Floral Arrangements: Highlights from the Collection
“Nobody sees a flower really; it is so small. We haven’t time—and to see takes time like to have a friend takes time.” —Georgia O’Keeffe
This summer we celebrate floral objects from the Museum’s collections—a masterpiece book of designs, a drawing by Georgia O’Keeffe, a rug by Matisse. The paintings, photographs, and decorated objects on display are full of beauty and surprise, illustrating the ways in which we express our love of flowers through art and decoration.
The British and French art establishments of the eighteenth century deemed flower painting insignificant, because they thought it did not convey elevated themes. Nineteenth-century American artists, who revered all forms of nature, disagreed. To them the colored, curled, and fragile petals seemed to hold poetic allusions to ephemeral beauty and life.
Flowers in art appear as the primary subject matter and also highlight larger scenes.

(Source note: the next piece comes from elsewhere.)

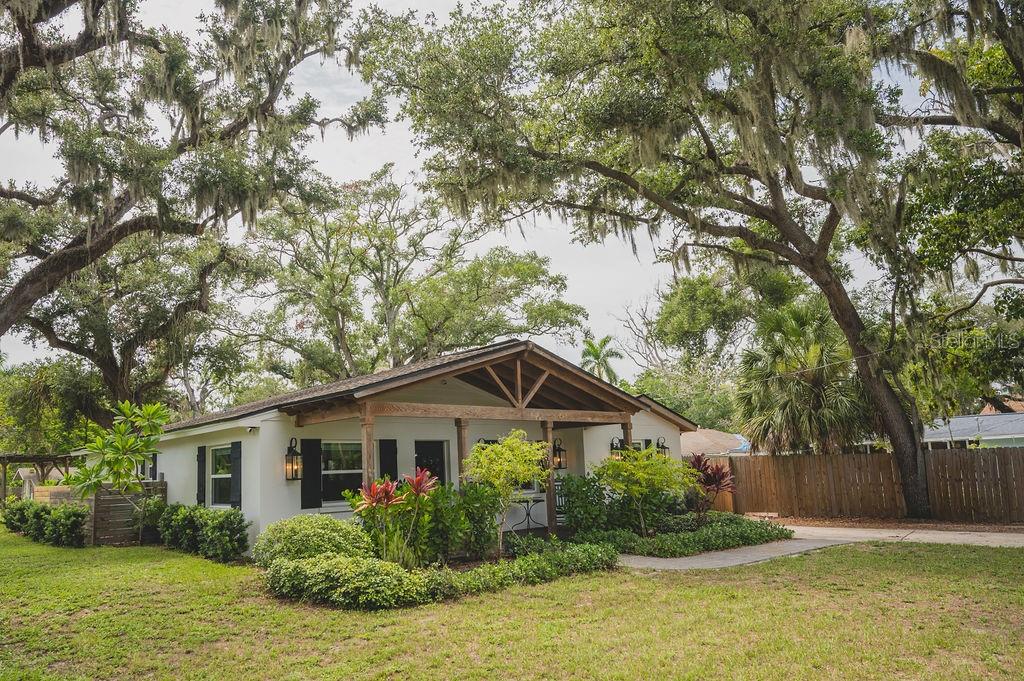 Residential in BRADENTON 4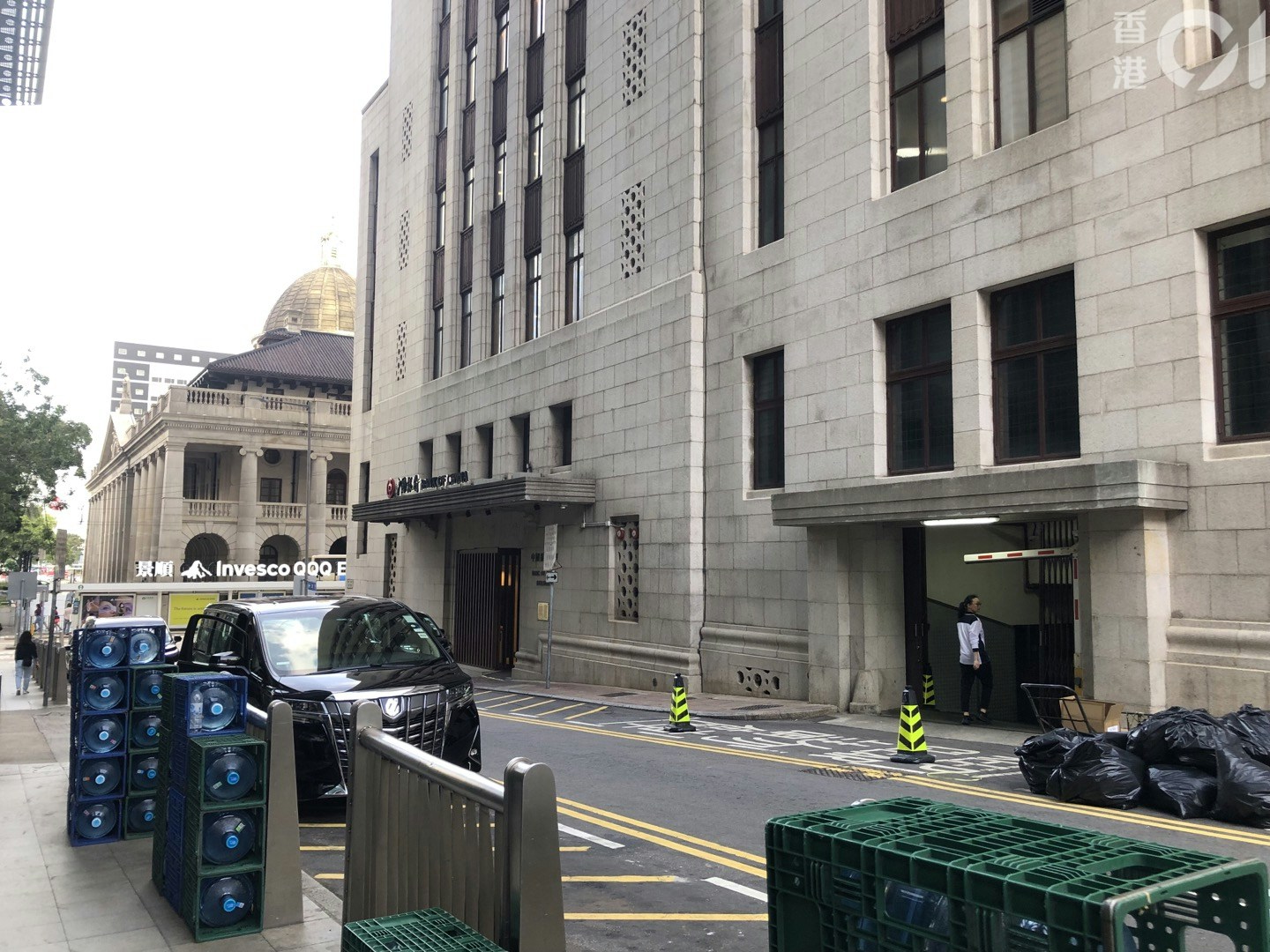 今日（16日）下午約5時，在中環銀行街，原本不准停車等候的上落客區有私家車停泊。（吳綽詩攝）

We see flowers in artistic but also scientifically accurate botanical illustrations, in still-life paintings and, as accessories in portraits. Artists often paint women with blooms to suggest the fleeting nature of beauty. Photographers, influenced by centuries of still life and garden painting, turn their cameras on flowers too, sometimes to make symbolic associations, sometimes to study artistic form. Stone flowers ornament architecture, cloth flowers our clothes, painted flowers our crockery. Whether arranged into gardens and bouquets or depicted as art and decoration, these “gems of nature” fill our lives with visual and emotional pleasure.